##### ARTI 560 - Computer Vision  
## Image Classification using Transfer Learning

### Overview

**Transfer learning** is a machine learning technique where a model developed for one task is reused as the starting point for a different but related task. Instead of training a model from scratch, which can be time-consuming and require large datasets, transfer learning leverages the knowledge a pretrained model has already learned.

#### Key Concepts

1. **Pretrained Models**  
   - Models trained on large benchmark datasets (e.g., ImageNet) can capture general features such as edges, textures, and shapes in images.
   - Common pretrained models for image classification include **VGG16**, **ResNet**, **MobileNetV2**, and **EfficientNet**.

2. **Feature Extraction**  
   - The pretrained model is used as a fixed feature extractor.
   - Only the final layers (classifier) are replaced and trained on the new dataset.

3. **Fine-Tuning**  
   - A more advanced approach where some of the pretrained layers are "unfrozen" and trained on the new dataset.
   - Helps the model adapt more closely to the specific features of the new task.

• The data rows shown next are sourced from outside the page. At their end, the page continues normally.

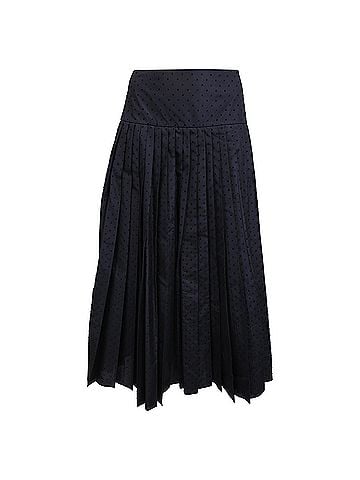 Christian Dior Christian Dior Dotted Tulle Pleated Midi Skirt in Navy Blue Polyamide (view 1)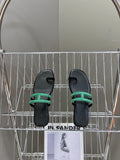 Georgia Sandals Teal Suede Black Calfskin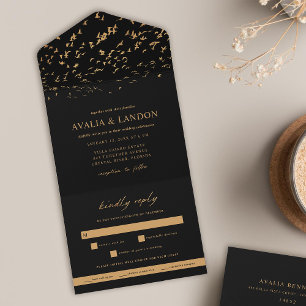 Pássaros Elegantes de um Casamento Preto e Dourado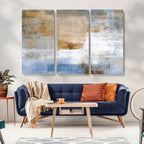 Blue Multi Panel Abstract Wall Art Canvas, Abstract Blue and Gold Canvas Print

![image.png](attachment:image.png)

### Objective

In this lab, we will apply transfer learning with a pretrained ResNetV2 on CIFAR-10, fine-tune the model, and examine its architecture and trainable layers.

### Tools & Libraries
- Python  
- NumPy  
- TensorFlow
- Matplotlib  


### Transfer Learning using a Pre-trained ResNet

#### Steps:
1. Load a pre-trained ResNet50V2 model from `keras.applications` with ImageNet weights, excluding the top classification layer.
2. Resize the CIFAR-10 images to match the input size expected by ResNet (e.g., 224x224).
3. Build a new Keras Sequential model by adding the existing `data_augmentation` layer, followed by a resizing layer for input to ResNet, the loaded ResNet base model (freezing its layers), a `GlobalAveragePooling2D` layer, and a new `Dense` classification head (with 10 output units) for CIFAR-10.
4. Compile this model with an Adam optimizer, sparse categorical cross-entropy loss, and accuracy metrics, and train it on the preprocessed CIFAR-10 training data for a few epochs using early stopping callbacks.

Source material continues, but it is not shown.